• **ABOUT THIS TASK**
Starting at the line containing "Premium Machine Washable" and ending at the line containing "Stainless Steel Hoop", transcribe the listing below exactly. Keep both end lines, skip the pictures, and copy nothing else.
*** Opening of RECORDS FOR THIS TASK ***
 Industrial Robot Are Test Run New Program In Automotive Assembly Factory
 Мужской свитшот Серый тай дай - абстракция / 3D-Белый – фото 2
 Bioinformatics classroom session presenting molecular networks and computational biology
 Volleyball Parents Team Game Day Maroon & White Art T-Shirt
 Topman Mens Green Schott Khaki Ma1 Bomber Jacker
*** Close of RECORDS FOR THIS TASK ***
*** Opening of RECORDS FOR THIS TASK ***
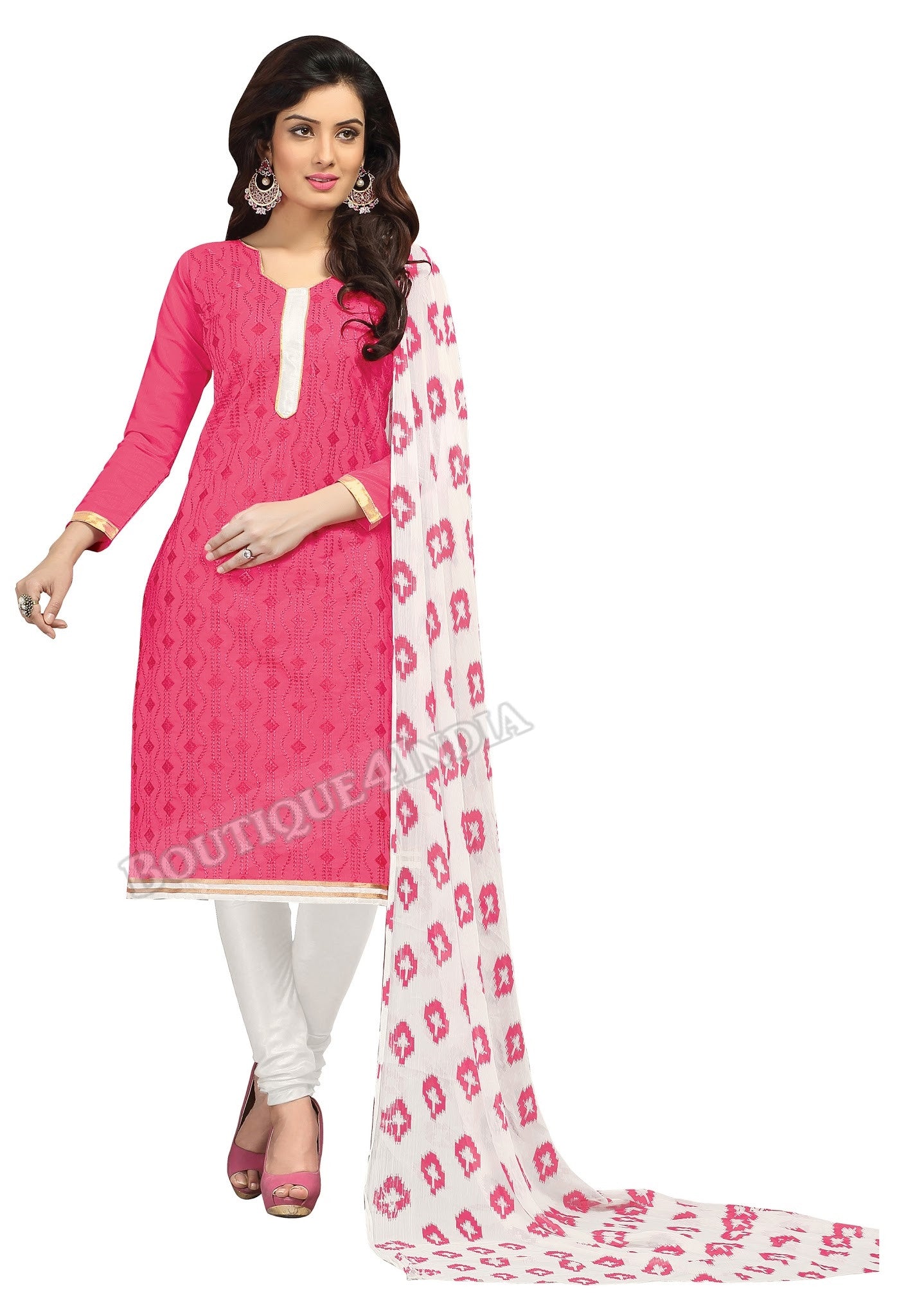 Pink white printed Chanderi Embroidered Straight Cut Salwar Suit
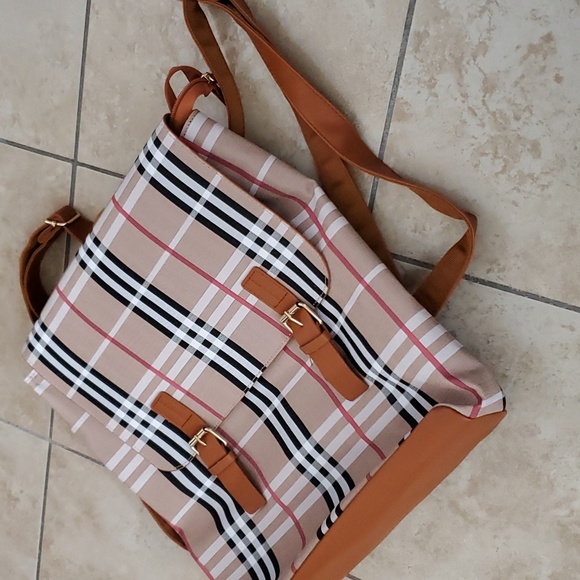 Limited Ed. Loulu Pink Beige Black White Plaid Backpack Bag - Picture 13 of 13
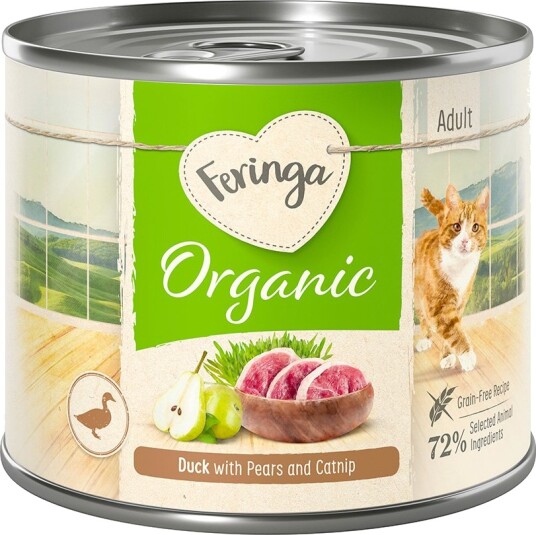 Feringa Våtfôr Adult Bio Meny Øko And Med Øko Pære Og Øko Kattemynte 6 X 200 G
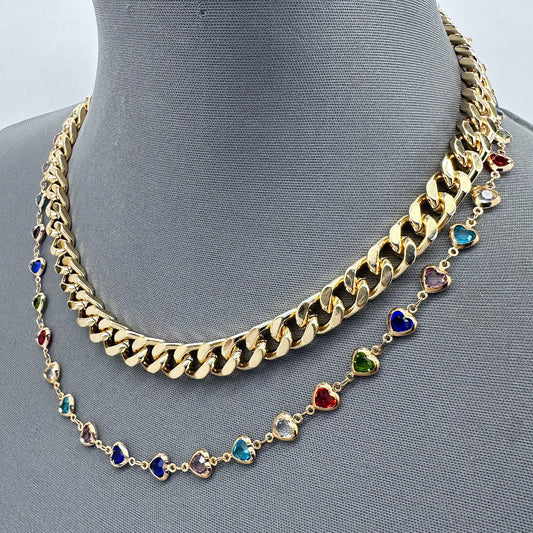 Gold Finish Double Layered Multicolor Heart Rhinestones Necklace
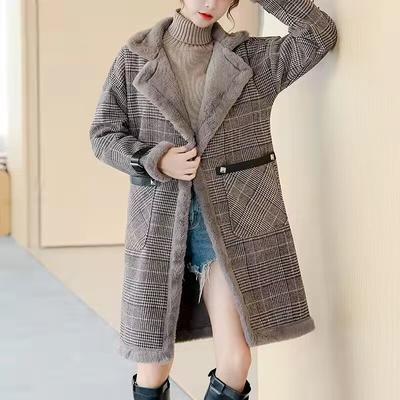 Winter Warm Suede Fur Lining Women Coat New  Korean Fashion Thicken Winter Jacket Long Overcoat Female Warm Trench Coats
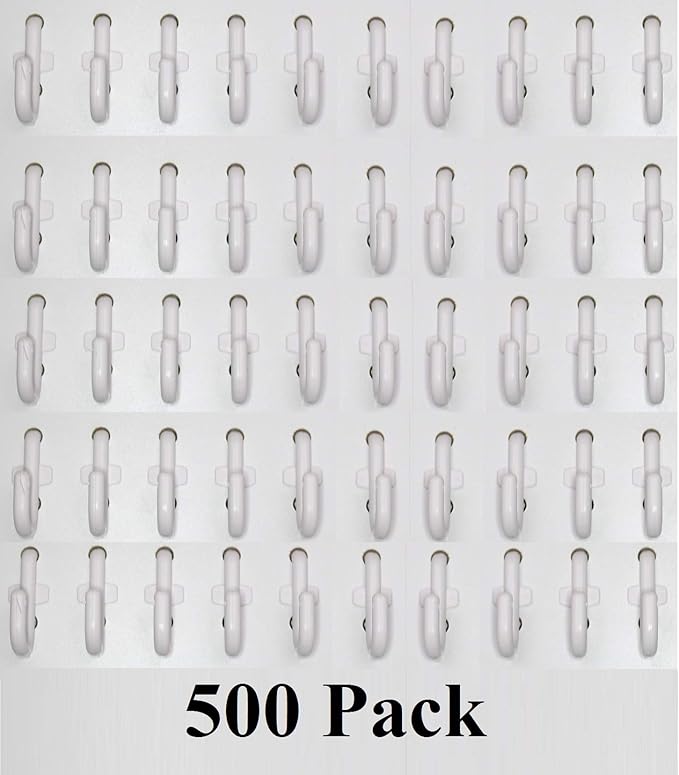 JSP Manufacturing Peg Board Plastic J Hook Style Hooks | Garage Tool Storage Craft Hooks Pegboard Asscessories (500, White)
*** Close of RECORDS FOR THIS TASK ***
*** Opening of RECORDS FOR THIS TASK ***
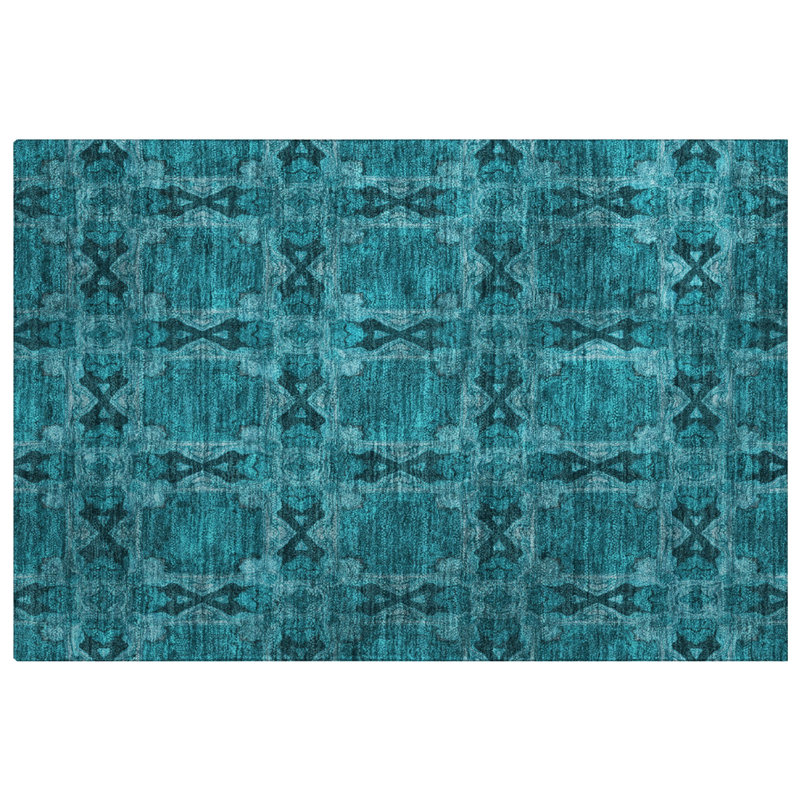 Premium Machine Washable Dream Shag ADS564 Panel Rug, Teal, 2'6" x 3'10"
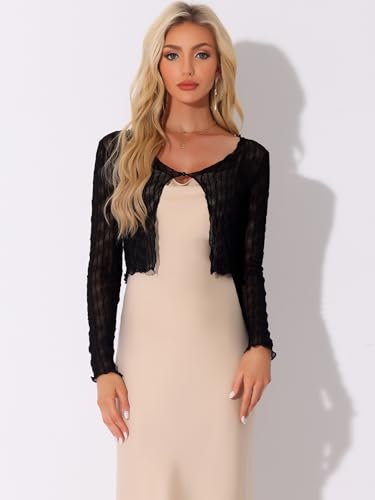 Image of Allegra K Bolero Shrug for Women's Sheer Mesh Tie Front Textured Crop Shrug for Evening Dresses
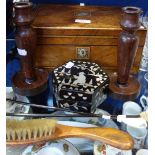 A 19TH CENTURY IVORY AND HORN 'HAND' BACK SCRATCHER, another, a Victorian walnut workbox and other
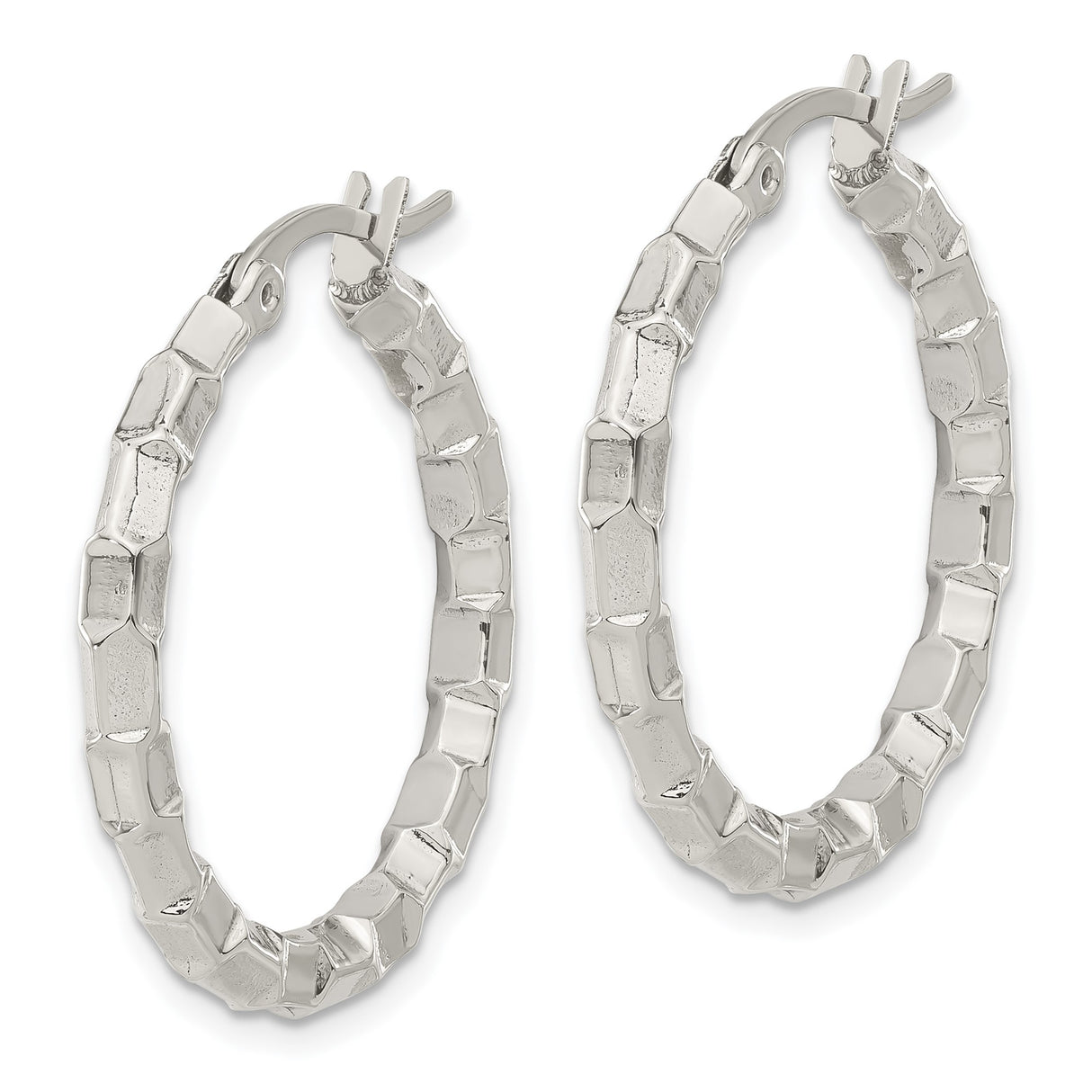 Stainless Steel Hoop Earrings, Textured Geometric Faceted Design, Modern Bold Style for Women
*** Close of RECORDS FOR THIS TASK ***
• **WRITTEN SOLUTION**
 Premium Machine Washable Dream Shag ADS564 Panel Rug, Teal, 2'6" x 3'10"
 Image of Allegra K Bolero Shrug for Women's Sheer Mesh Tie Front Textured Crop Shrug for Evening Dresses
 A 19TH CENTURY IVORY AND HORN 'HAND' BACK SCRATCHER, another, a Victorian walnut workbox and other
 Stainless Steel Hoop Earrings, Textured Geometric Faceted Design, Modern Bold Style for Women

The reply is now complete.